Matroid Secretary via Labeling Schemes

TL;DR

This paper introduces a general framework for analyzing greedy algorithms in the Matroid Secretary Problem, establishing new probability-competitiveness bounds for laminar and graphic matroids using a novel language-based approach.

Contribution

The paper presents a new analytical framework based on language construction for greedy algorithms in MSP, improving bounds for laminar and graphic matroids.

Findings

Exact probability-competitiveness of 1 - ln(2) for laminar matroids.

Probability-competitiveness of 0.2693 for simple graphs.

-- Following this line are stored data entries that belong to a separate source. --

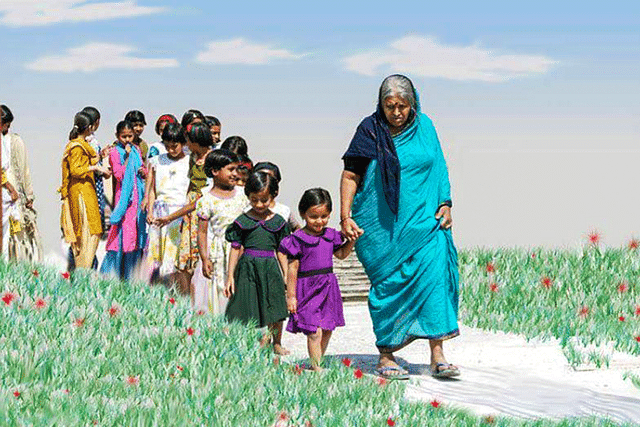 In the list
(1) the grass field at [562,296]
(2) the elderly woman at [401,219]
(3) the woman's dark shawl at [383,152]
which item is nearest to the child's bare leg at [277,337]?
(2) the elderly woman at [401,219]

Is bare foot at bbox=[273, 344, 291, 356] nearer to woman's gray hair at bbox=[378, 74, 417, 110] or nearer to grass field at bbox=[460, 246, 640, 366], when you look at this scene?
woman's gray hair at bbox=[378, 74, 417, 110]

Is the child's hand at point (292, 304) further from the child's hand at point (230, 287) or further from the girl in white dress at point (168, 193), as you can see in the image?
the girl in white dress at point (168, 193)

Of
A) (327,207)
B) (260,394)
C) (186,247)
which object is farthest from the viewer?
(186,247)

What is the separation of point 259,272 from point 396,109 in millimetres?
1646

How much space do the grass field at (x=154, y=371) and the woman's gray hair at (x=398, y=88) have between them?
1.94 meters

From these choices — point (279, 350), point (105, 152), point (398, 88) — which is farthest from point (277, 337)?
point (105, 152)

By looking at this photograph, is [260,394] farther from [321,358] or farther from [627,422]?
[627,422]

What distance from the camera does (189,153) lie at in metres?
11.5

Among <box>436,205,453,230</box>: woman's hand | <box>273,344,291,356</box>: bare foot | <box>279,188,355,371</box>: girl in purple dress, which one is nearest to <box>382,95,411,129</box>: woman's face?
<box>436,205,453,230</box>: woman's hand

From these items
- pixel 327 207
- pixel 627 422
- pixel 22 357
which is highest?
pixel 327 207

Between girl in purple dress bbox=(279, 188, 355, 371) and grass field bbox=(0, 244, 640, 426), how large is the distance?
1.03 feet

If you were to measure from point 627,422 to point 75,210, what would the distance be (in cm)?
751

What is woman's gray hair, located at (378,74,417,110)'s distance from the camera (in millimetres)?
8555

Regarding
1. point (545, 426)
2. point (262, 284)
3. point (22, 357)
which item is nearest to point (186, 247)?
point (262, 284) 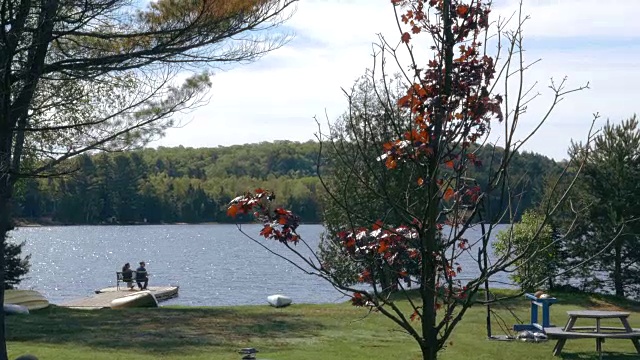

Probability-competitiveness of 0.2504 for general graphs.

Abstract

The Matroid Secretary Problem (MSP) is one of the most prominent settings for online resource allocation and optimal stopping. A decision-maker is presented with a ground set of elements $E$ revealed sequentially and in random order. Upon arrival, an irrevocable decision is made in a take-it-or-leave-it fashion, subject to a feasibility constraint on the set of selected elements captured by a matroid defined over $E$. The decision-maker only has ordinal access to compare the elements, and the goal is to design an algorithm that selects every element of the optimal basis with probability at least $\alpha$ (i.e., $\alpha$-probability-competitive). While the existence of a constant probability-competitive algorithm for MSP remains a major open question, simple greedy policies are at the core of state-of-the-art algorithms for several matroid classes. We introduce a flexible and general algorithmic framework to analyze greedy-like algorithms for MSP based on constructing a language associated with the matroid. Using this language, we establish a lower bound on the probability-competitiveness of the algorithm by studying a corresponding Poisson point process that governs the words' distribution in the language. Using our framework, we break the state-of-the-art guarantee for laminar matroids by settling the probability-competitiveness of the greedy-improving algorithm to be exactly $1-\ln(2) \approx 0.3068$. We also showcase the capabilities of our framework in graphic matroids, to show a probability-competitiveness of $0.2693$ for simple graphs and $0.2504$ for general graphs.